WEEKLY

THE SOUND OF CITY
聽見城市的聲音

是時候輕閉雙眼,豎起你的耳朵了!置身於熙來攘往的大城市裏,我們習以為常地戴上耳機,享受片刻的安寧。無可否認,外面的世界令人心煩意亂,恨不得馬上逃到世外桃源。可是,你有試過花一分鐘傾聽自然環境譜出的音樂嗎?有甚麼聲音能夠代表你所在的地方?今期Chessman Post將簡單介紹「音景」(Soundscape)的概念,希望大家嘗試用聲音了解城市的面貌。

若要形容一盞行人交通燈,我們通常會以視覺出發,譬如說它有紅、綠兩種顏色,而當綠色人像的燈號閃動之際,便是行人停下步伐之時。甚少有人會聯想到交通燈的節奏及停頓的規律。我們往往注意到的聲音,都是來自周遭環境的噪音,包括「砵」的車輛響號,又或者地盤工人用電鑽鑿地的巨響。然而,值得我們留意的聲音絕非只有噪音,因每一種聲音均有其獨特的個性。淅瀝的雨聲、呼嘯的海風、沙沙作響的落葉,也在建構不同的空間,形成變化萬千的城市音景。早在1970年代起,加拿大學者R. Murray Schafer已開始進行「音景」的研究,他初步把音景分類為:自然音、人工音,以及涵蓋歷史及社會文化的記憶音等,更在瑞典、德國、意大利、法國、蘇格蘭展開「世界音景計畫」(World Soundscape Project),採集和比較各種聲音。他亦致力消除「噪音」的想法,鼓勵人們應著重改善音景設計,從而令聲音環境更加悅耳。

自R. Murray Schafer提出音景的概念後,不少人開始學習用聲音去感知世界的脈絡。1993年,World Forum of Acoustic Ecology成立,來自世界各地的學者共同探討「聲音生態學」的議題。同年,「日本音景學會」組成,日本的環境廳亦進而公開招募「日本音景百選」,讓聲音變成文化財產,見證時代的變迭。相比之下,香港人和澳門人對音景的意識較為薄弱。不過,其實香港有一個名為「聲音圖書館」的網絡空間,內有香港各個地方的錄音,讓人以聲音認識本土文化。

儘管我們不常把聲音當作一種文化象徵,但在這世界的某個角落,有人正在用聲音留下旅行的所見所聞,也有人以聲音記錄社會運動的過程。

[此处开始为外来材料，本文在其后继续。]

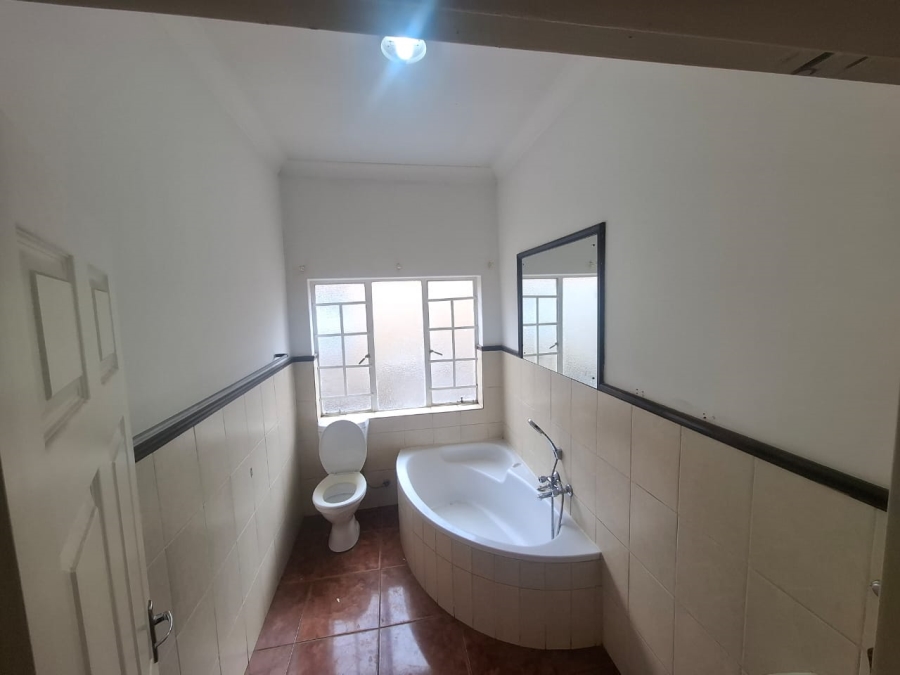 5 Bedroom Property for Sale in Roodepoort Central Gauteng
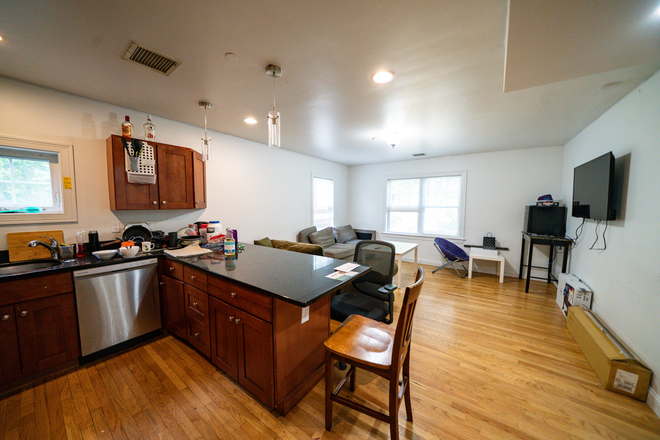 63B Circuit St - [9.1.2025] Huge 6beds/6 baths on 3 levels [Renovated] Apartments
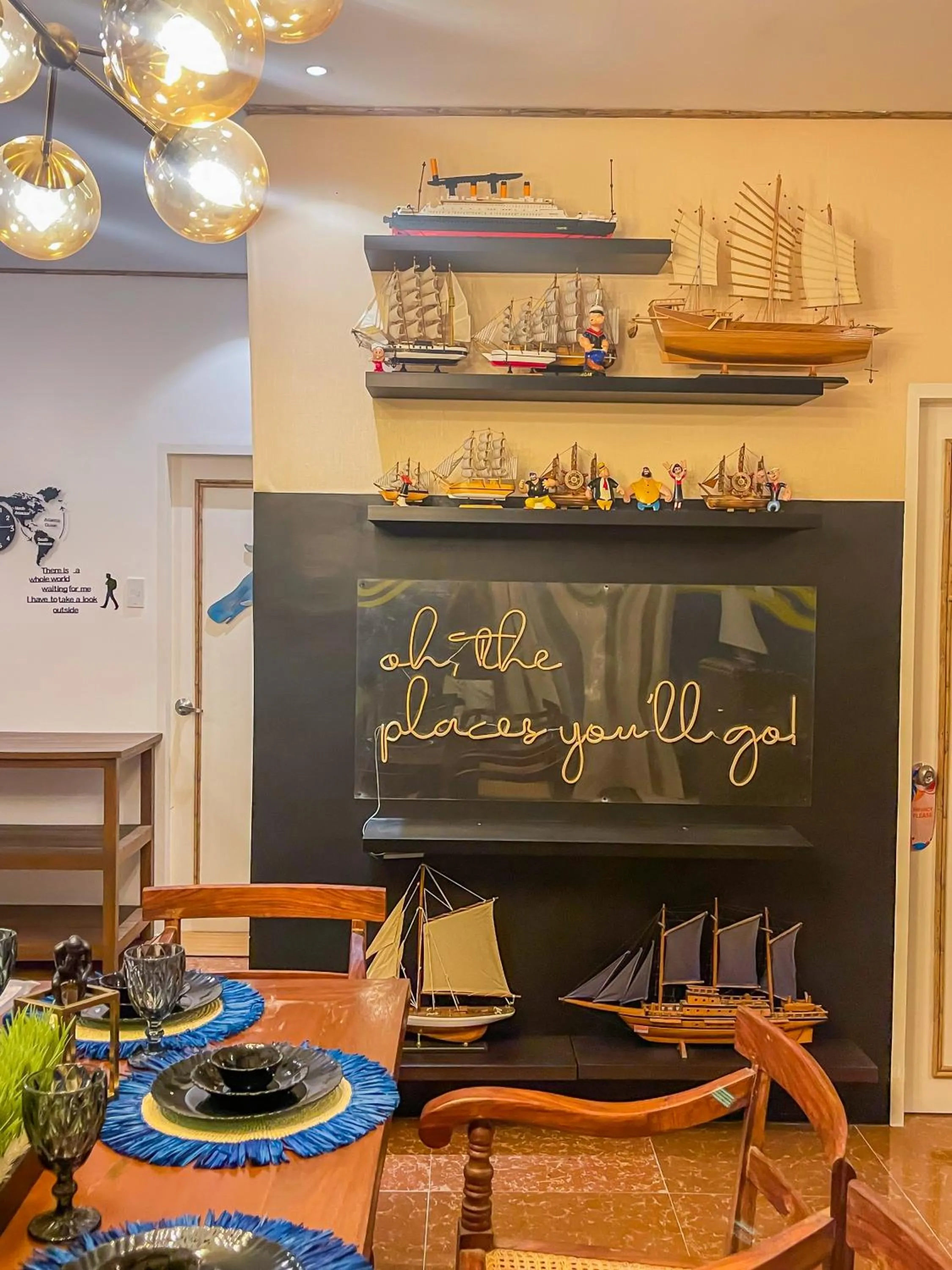 TV and multimedia in UNWND Boutique Hotel Calatagan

我試過拿着錄音筆遊走觀塘的大排檔,錄下鐵鑊的鏗鏘聲、人們點菜時的呼叫聲、碗碟的碰撞聲……光聽這些錄音,就能感受到熱鬧的氣氛。有一次,我更隻身走到坪洲錄音,期間有半小時,我只是靜靜地坐在海邊,細聽海水拍打岸邊的聲音。聽起來有點無聊,但想深一層,為甚麼我們一定要用視覺去感受環境呢?即使是所謂「無聲」的環境,也充斥了各種微小的聲音。就如美國音樂家John Cage的樂曲《4分33秒》,當中沒有任何樂器演奏,因為室外吹着的微風、觀眾的交頭接耳的聲音等,都構成了樂曲本身。生活中本來就隨機播放着很多美妙的聲音,只是我們並未發覺。

當你能聽見越多聲音,你感受到的空間將會從此不一樣,而你觀看事物的角度亦會隨之而變化。趁着晴朗的假日,來一個「soundwalk」,或許能令你再次愛上你的城市。

撰文:王以珞
美術:王曉澄

It’s time to close your eyes and prick up your ears! Living in cosmopolitan cities brimming with busy people, we have become acclimated to wearing earphones to enjoy a moment of peace. Undoubtedly, the outside world is too overwhelming for us to cope with, and we always want to escape from it. But have you ever tried to listen to the music composed by the surrounding environment? Can you think of any sound that best represents the place where you are living in? In this issue of Chessman Post, I would like to introduce the concept of “soundscape” to you, and I hope you will understand how the sounds of a city reveal its personality.

If we are asked to show what the pedestrian traffic lights are, we would probably describe them visually. For example, we would say there are two colors, namely red and green, and the flashing “Green man” means we have to stop crossing the road. Very seldom do we hear people describing the traffic lights with its acoustic signal. We can, however, notice the noise of the surrounding environment, including the vehicle horns and the sound of manual workers doing the excavation works. Nevertheless, we should also pay attention to sounds other than the cacophony. The patter of rain, the whoosh of wind, as well as the rustling of leaves, constituent the soundscapes of our cities. Early in the 1970s, R. Murray Schafer, a Canadian scholar, began to do the research on soundscape. He first divided sounds into a few categories, including natural and artificial sound, plus the sounds associated with our memories. He even started the “World Soundscape Project” in Sweden, Germany, Italy, France and Scotland by collecting and comparing the sounds. Besides, he also made endeavor in eliminating the concept of “noise” and encourage people to focus on acoustic urban design so as to make the surrounding sounds more pleasant to ears.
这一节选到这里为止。